From: support@microsoft.com
Subject: Microsoft Security Bulletin
Message:
Unchecked Buffer in Windows Explorer Could Enable System Compromise (329390)

Summary
Who should read this bulletin: Customers using Microsoft Windows 95,98,2K,ME,XP
Impact of vulnerability: Run code of an attacker's choice

Maximum Severity Rating: Critical

Recommendation: Customers using Microsoft Windows 95,98,2K,ME,XP should apply the patch immediately.

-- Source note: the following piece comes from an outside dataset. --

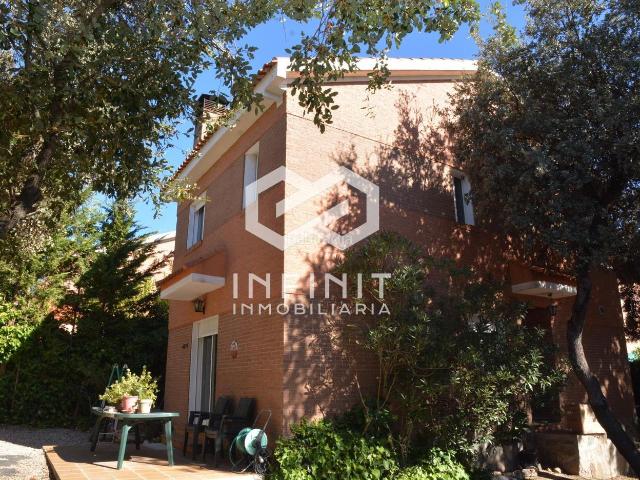 Chalet en venta en Pioz. Independencia, espacio y calidad de vida chalet en urbanización El Bosque del Henares, Tu nuevo hogar te espera. Chalets.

Attachment: patch.zip or patch_329390.exe

Through file sharing applications, including KaZaA, Morpheus, eDonkey, Grokster, LimeWire, GNucleus, BearShare, Direct Connect, and ICQ, by placing itself in their default shared folders, if the programs are installed.

By using DCC, the worm sends in IRC.

The worm sends a notification to its author when a host is infected and listens on port 61282 for a connection.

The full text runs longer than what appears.